The apr-1 gene encodes an ortholog of human APC (OMIM:175100, mutated in familial adenomatous polyposis) that is required for germline fertility, the control of homeodomain expression (CEH-13 and LIN-39) during embryogenesis and vulval development, and for the migration and elongation of hypodermal cells during embryo morphogenesis; APR-1 is thought to reside in adherens junctions, while also stimulating two beta-catenins in Wnt signalling (HMP-2 in migrating epithelial cells, and BAR-1 in the vulval precursor cells); however, APR-1 also binds PRY-1/axin, and with PRY-1 inhibits RAS-independent Wnt induction of LIN-39; APR-1 along with MOM-5/Frizzled receptor and GSK-3 kinase is also required for the engulfment of apoptotic cells and migration of the distal tip cell in the gonad, indicating that Wnt signaling can regulate cytoskeletal rearrangements via CED-10/RAC; phosphorylated APR-1 binds CED-2/CrkII in yeast two hybrid screens, this binding and genetic studies suggest that APR-1 and MOM-5 activate the CED-2/5/12 branch of the engulfment pathway.

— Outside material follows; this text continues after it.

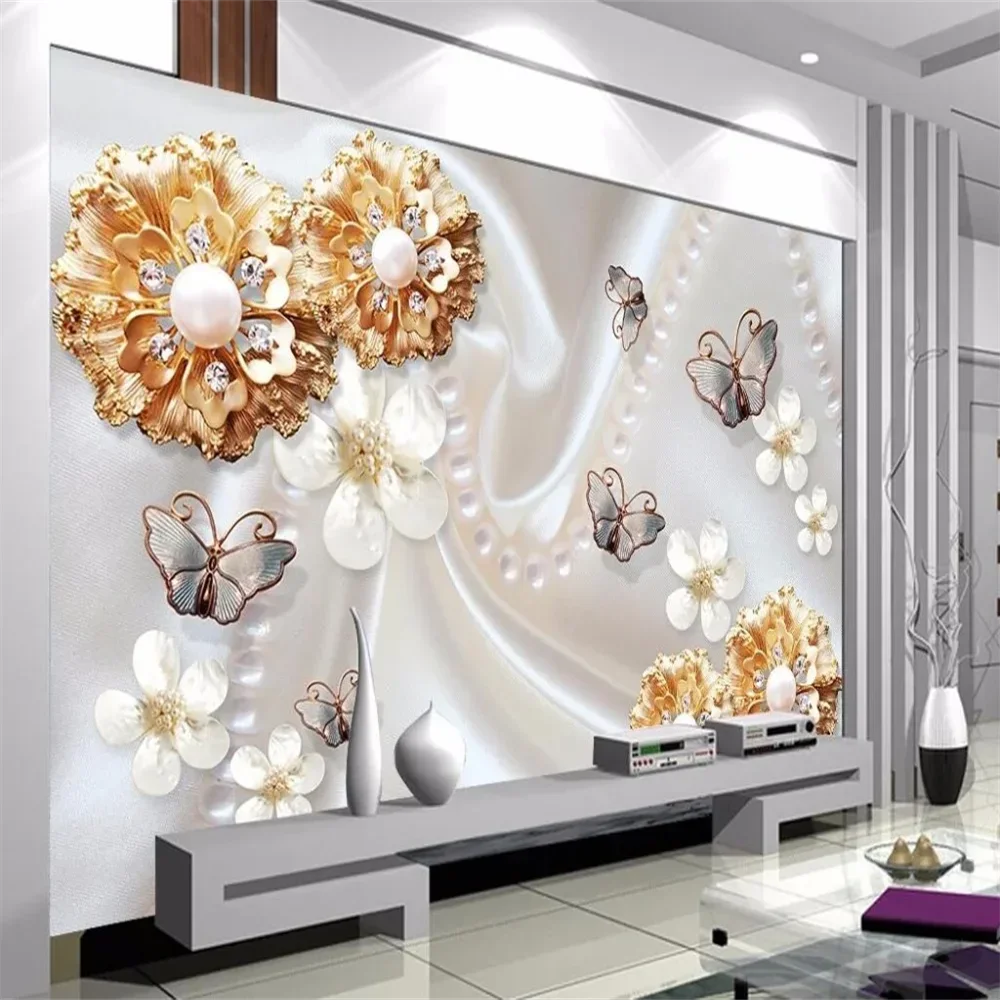 Индивидуальные 3D-обои с золотыми украшениями, цветами и бабочками для стен, 3D-фотообои, художественные наклейки на стену
Индивидуальные 3D-обои с золотыми украшениями, цветами и бабочками для стен, 3D-фотообои, художественные наклейки на стену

Enables beta-catenin binding activity. Involved in several processes, including embryonic morphogenesis; regulation of Wnt signaling pathway; and regulation of multicellular organismal development. Located in adherens junction; cell cortex; and nucleus. Expressed in several structures, including P3.p hermaphrodite; P4.p hermaphrodite; P8.p hermaphrodite; distal tip cell; and excretory cell. Human ortholog(s) of this gene implicated in several diseases, including Alzheimer's disease; Sotos syndrome 3; carcinoma (multiple); and gastrointestinal system cancer (multiple). Is an ortholog of human APC (APC regulator of WNT signaling pathway) and APC2 (APC regulator of WNT signaling pathway 2).
Map position created from combination of previous interpolated map position (based on known location of sequence) and allele information. Therefore this is not a genetic map position based on recombination frequencies or genetic experiments. This was done on advice of the CGC.